* [What the task requires] Between the line containing "23). Spacious, unfurnished" and the line containing "1146 Fairways Boulevard Troy City MI 48085" lies a run of lines; give that run again exactly, with both of those lines, and nothing else from the entries below.

* [Available records]
==========

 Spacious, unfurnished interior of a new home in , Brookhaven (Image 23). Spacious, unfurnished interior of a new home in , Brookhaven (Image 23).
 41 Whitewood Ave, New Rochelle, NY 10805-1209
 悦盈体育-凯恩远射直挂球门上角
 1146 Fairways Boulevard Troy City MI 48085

==========

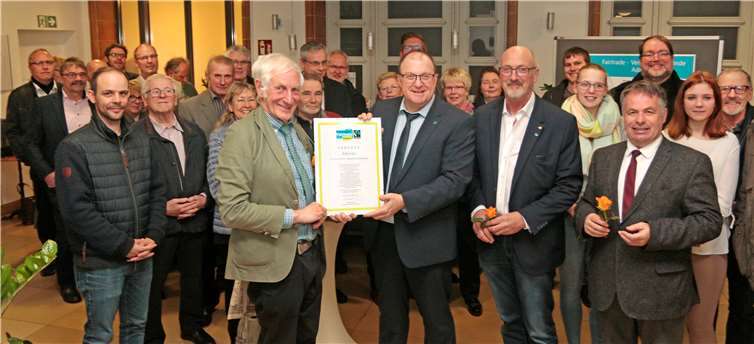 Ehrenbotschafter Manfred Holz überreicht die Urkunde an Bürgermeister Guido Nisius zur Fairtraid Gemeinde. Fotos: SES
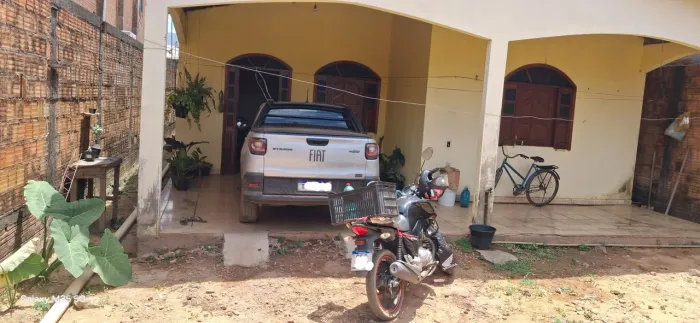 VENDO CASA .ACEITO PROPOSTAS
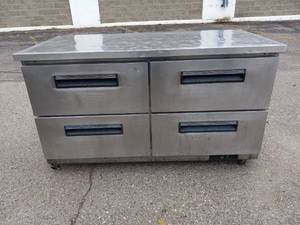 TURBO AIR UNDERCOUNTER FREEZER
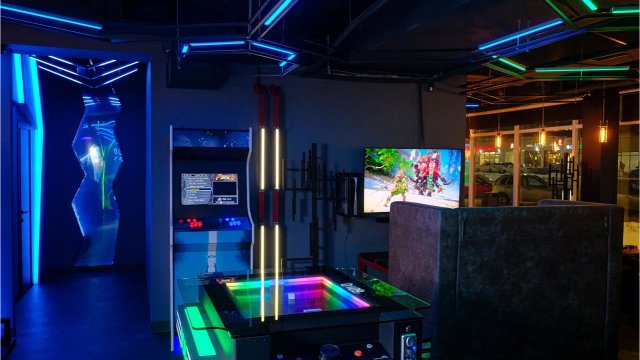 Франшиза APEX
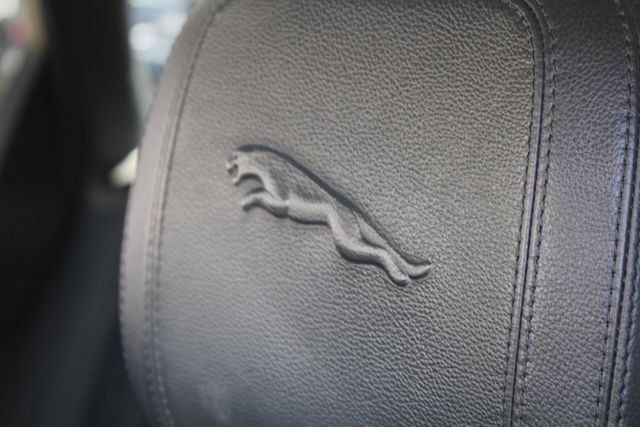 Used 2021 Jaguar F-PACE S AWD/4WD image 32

==========

* [Task output]
 Spacious, unfurnished interior of a new home in , Brookhaven (Image 23). Spacious, unfurnished interior of a new home in , Brookhaven (Image 23).
 41 Whitewood Ave, New Rochelle, NY 10805-1209
 悦盈体育-凯恩远射直挂球门上角
 1146 Fairways Boulevard Troy City MI 48085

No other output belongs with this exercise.